[Stored records]
Start of Block
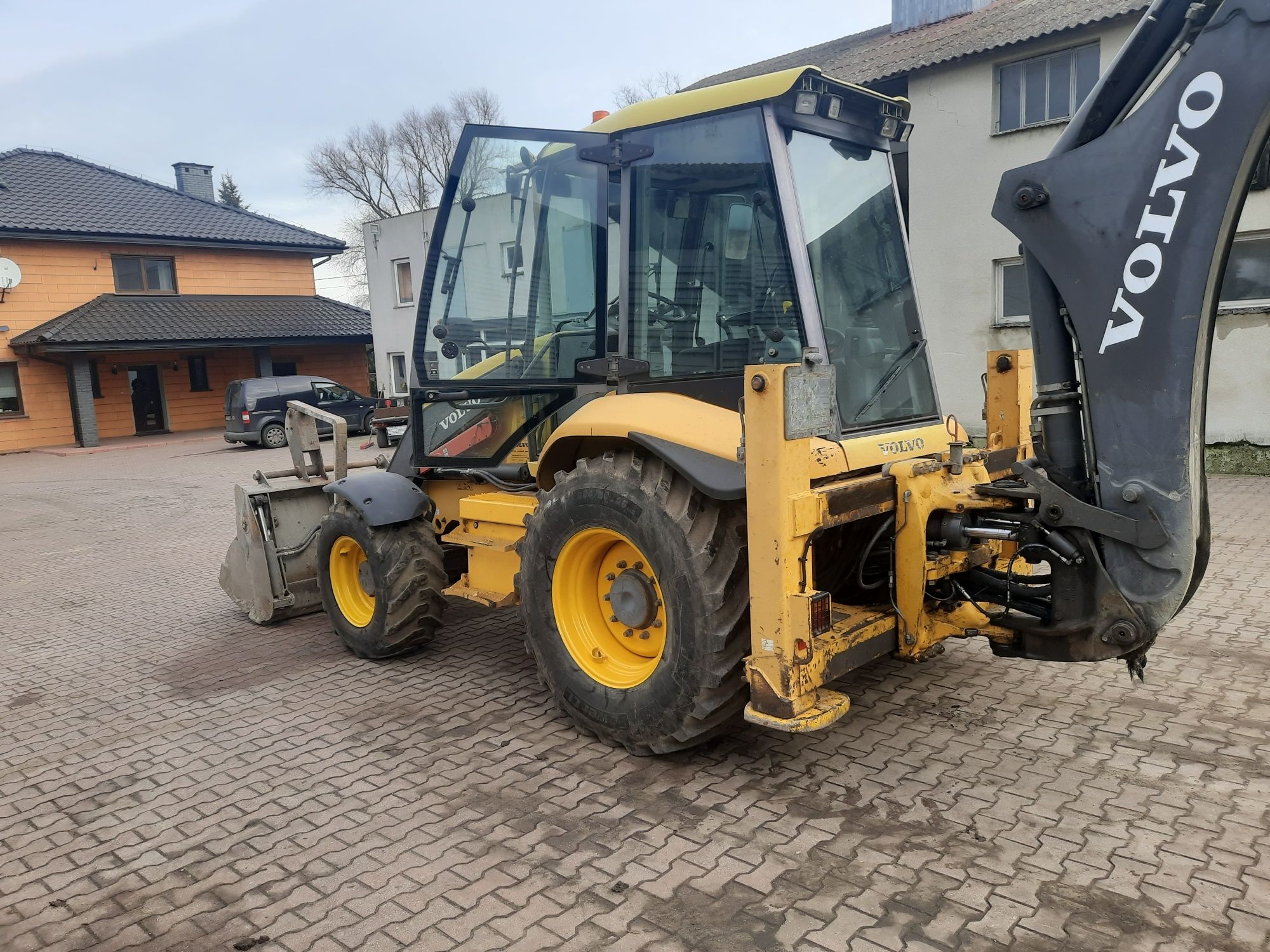 Volvo bl 71 koparko ładowarka Cat terex jcb case new Holland hidromek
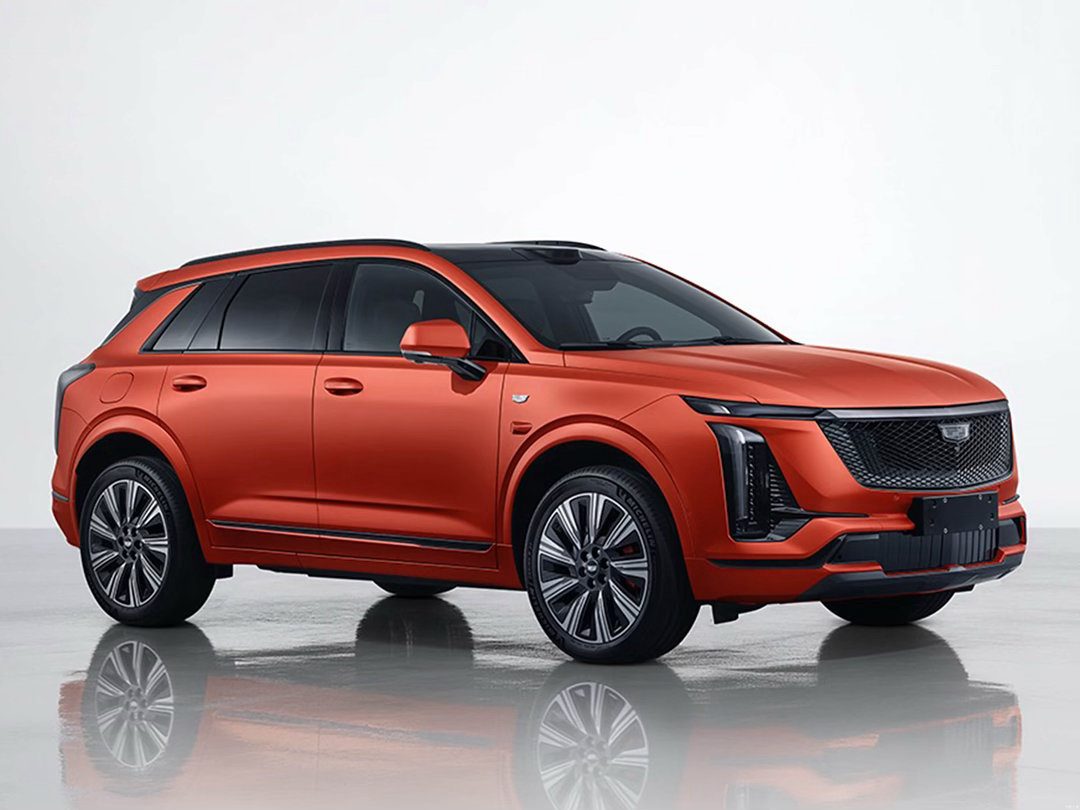 凯迪拉克XT5PHEV在2026年9月正式上市，属于豪华中型插电混动SUV。车身延续品牌家族化设计，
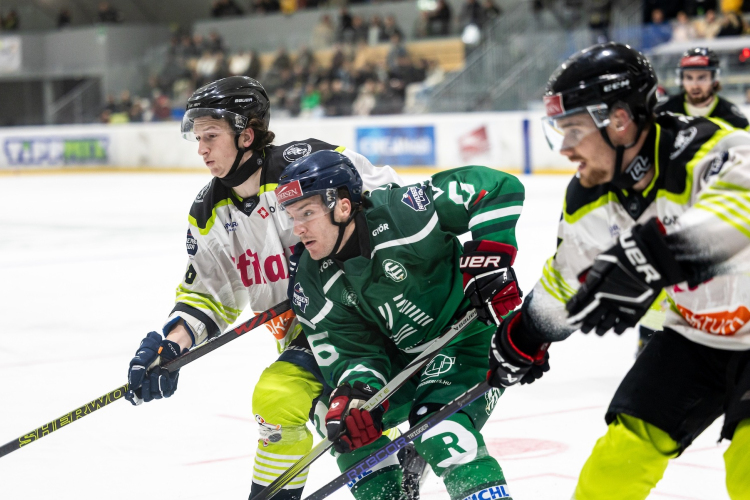 Záporoztak a gólok – győzelemmel kezdett a győri jégkorongcsapat
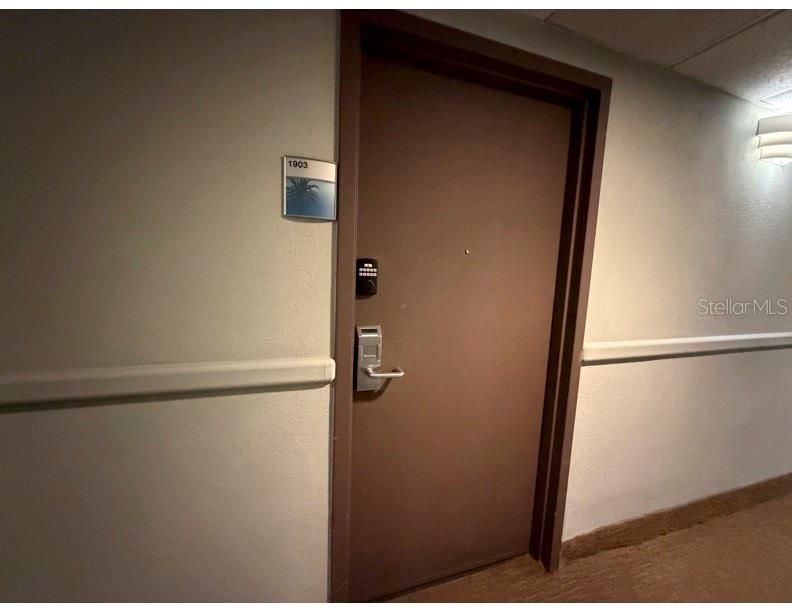 For Rent: $1,700 (2 beds, 2 baths, 578 Square Feet)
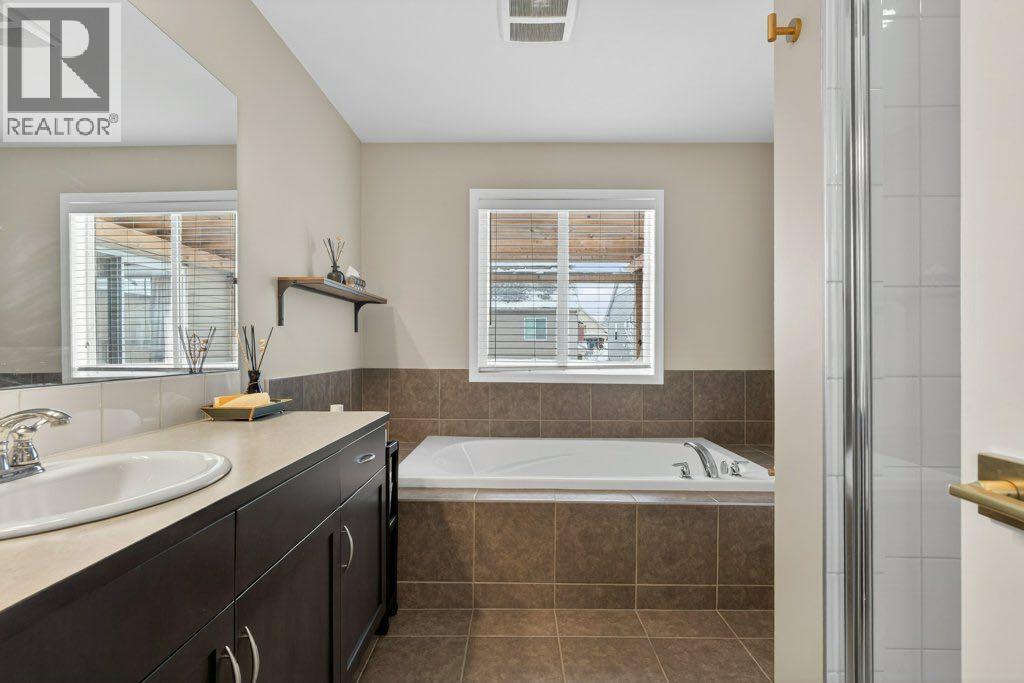 1012 Windsong Drive Sw, Airdrie, Alberta  T4B 0P2 - Photo 32 - A2277461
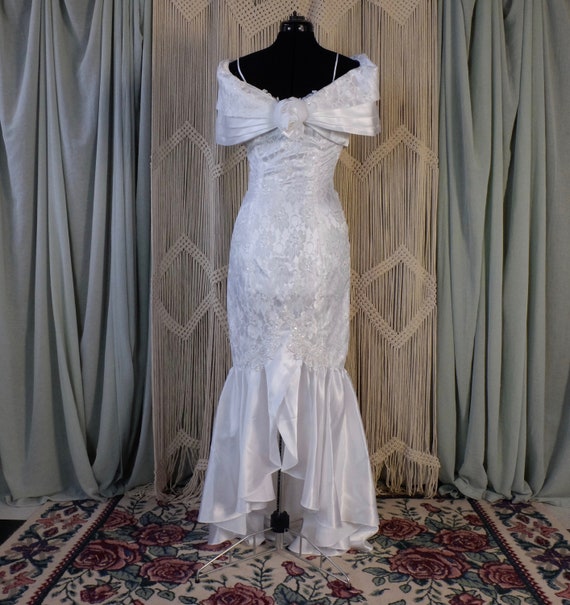 Vintage wedding dress with Matching Shawl - image 6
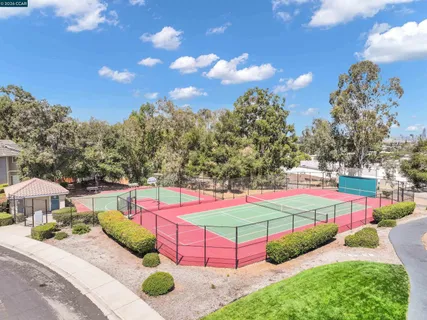 $1,049,900 | 326 Liveoak Court, Martinez, CA 94553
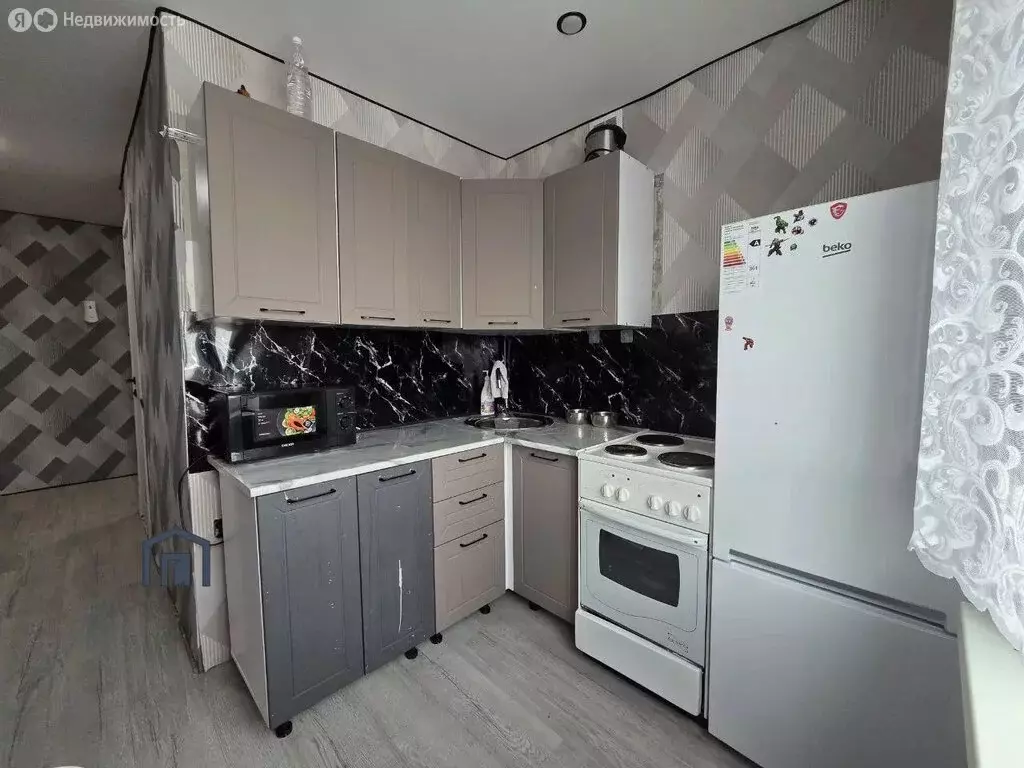 2-комнатная квартира: Черемхово, улица Шевченко, 27 (52.1 м) - Фото 1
End of Block
# [Task prompt]
Please print the span that begins at the line holding "For Rent: $1,700" and ends at the last line of the data, both ends included, with no pictures.

# [Exercise result]
 For Rent: $1,700 (2 beds, 2 baths, 578 Square Feet)
 1012 Windsong Drive Sw, Airdrie, Alberta  T4B 0P2 - Photo 32 - A2277461
 Vintage wedding dress with Matching Shawl - image 6
 $1,049,900 | 326 Liveoak Court, Martinez, CA 94553
 2-комнатная квартира: Черемхово, улица Шевченко, 27 (52.1 м) - Фото 1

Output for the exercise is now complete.